## About this task
Your answer must be the lines from the one containing "Helen Carson online" through the last line of the records below, copied exactly, with the pictures left out.

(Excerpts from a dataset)
Start of Block

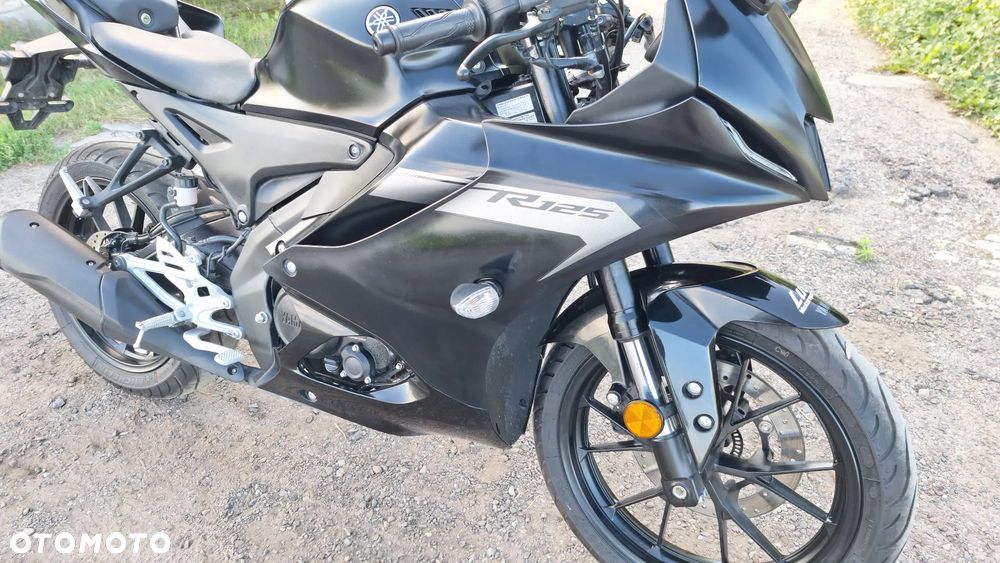 Yamaha YZF - 27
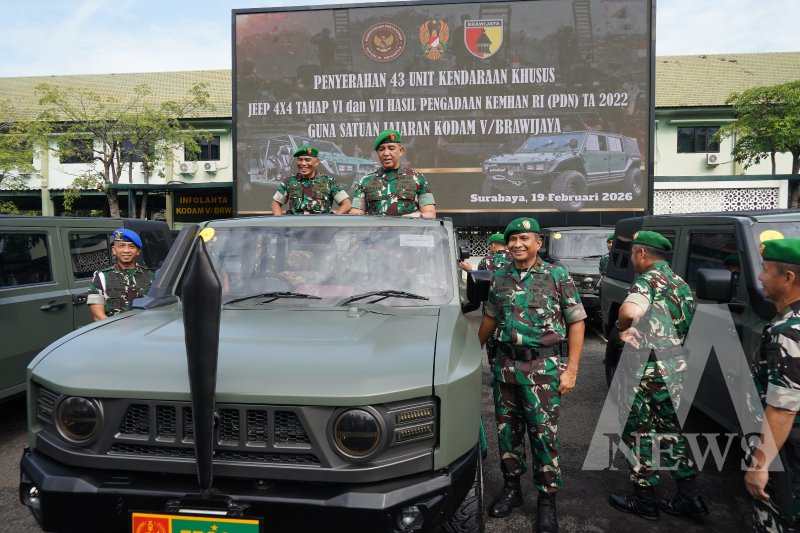 Danrem 084/BJ Brigjen TNI Danny Alkadrie saat penyerahan 43 Ransus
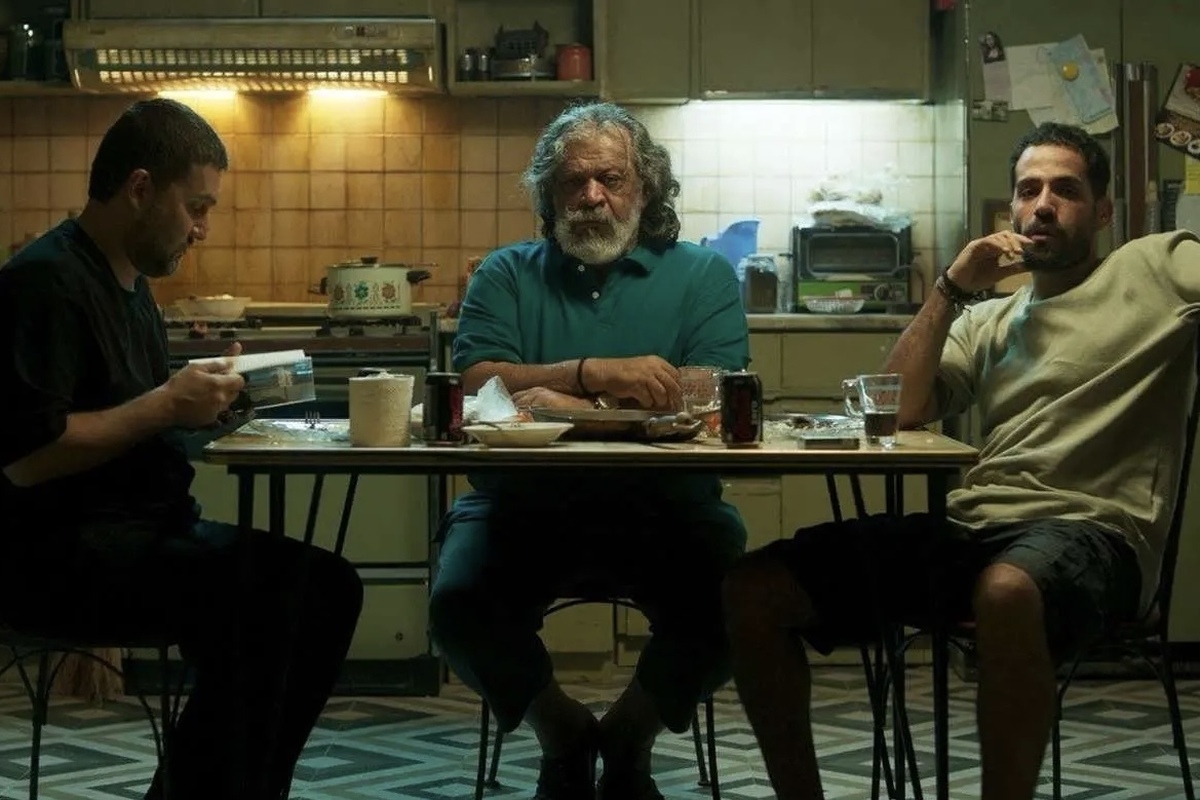 در حالی که «پیرپسر» عنوان پرفروش‌ترین فیلم سال را به دست آورده است، پخش‌کننده آن به اتهامات کم‌فروشی با قاطعیت پاسخ داده و خواستار ارائه مدارک شده است.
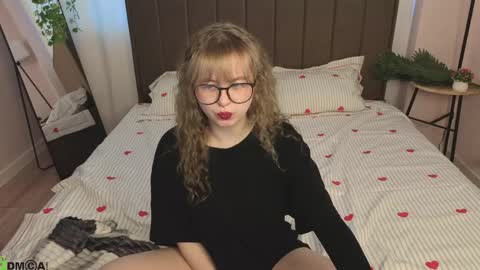 Helen Carson online show from April 2026 01:08:01 AM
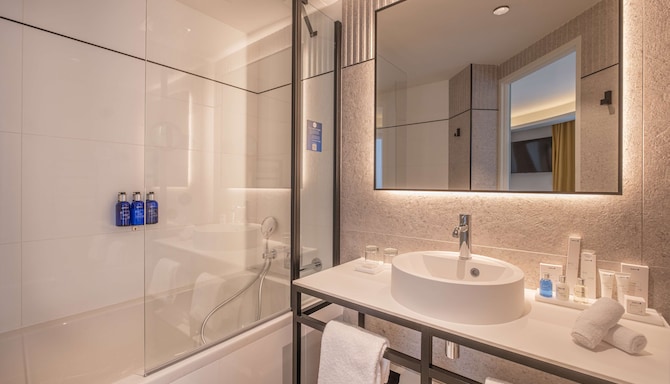 Radisson Blu Grand Hotel & Spa, Malo - Junior Suite Bathroom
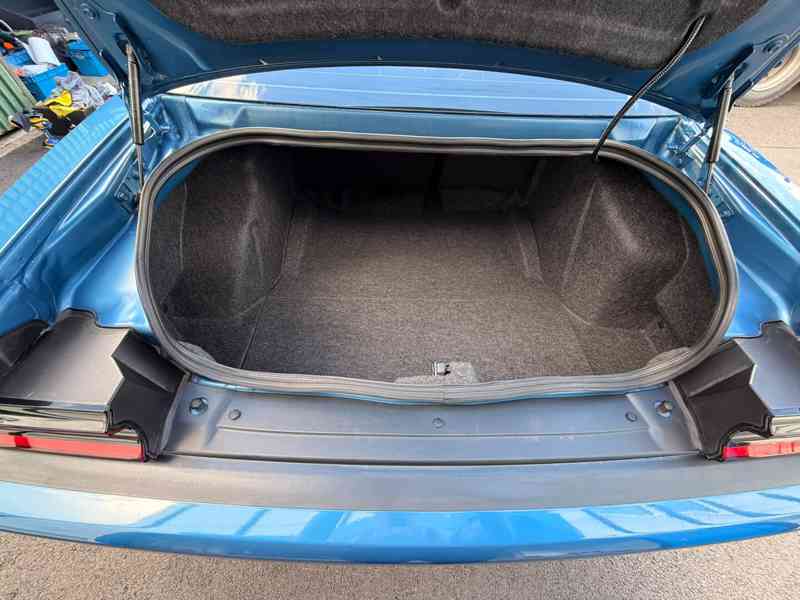 Prodám DODGE CHALLENGER 6.4 - foto 10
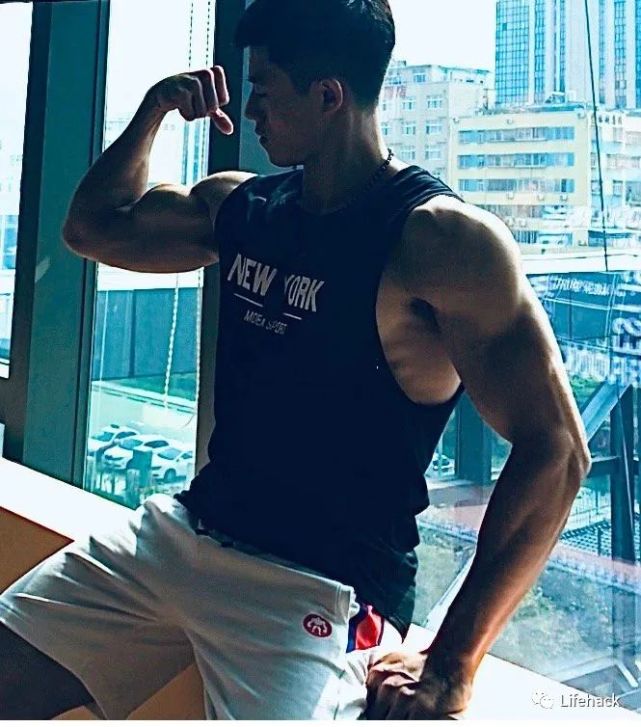 米86的他堪称标准的模特身材是一枚坐标在厦门的健身指导他的微博名是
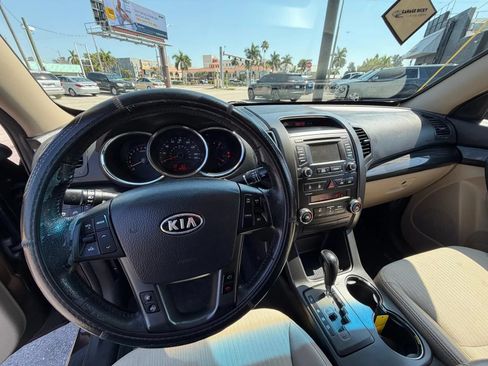 Used 2012 Kia Sorento EX FWD image 13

End of Block

## Answer to this task
 Helen Carson online show from April 2026 01:08:01 AM
 Radisson Blu Grand Hotel & Spa, Malo - Junior Suite Bathroom
 Prodám DODGE CHALLENGER 6.4 - foto 10
 米86的他堪称标准的模特身材是一枚坐标在厦门的健身指导他的微博名是
 Used 2012 Kia Sorento EX FWD image 13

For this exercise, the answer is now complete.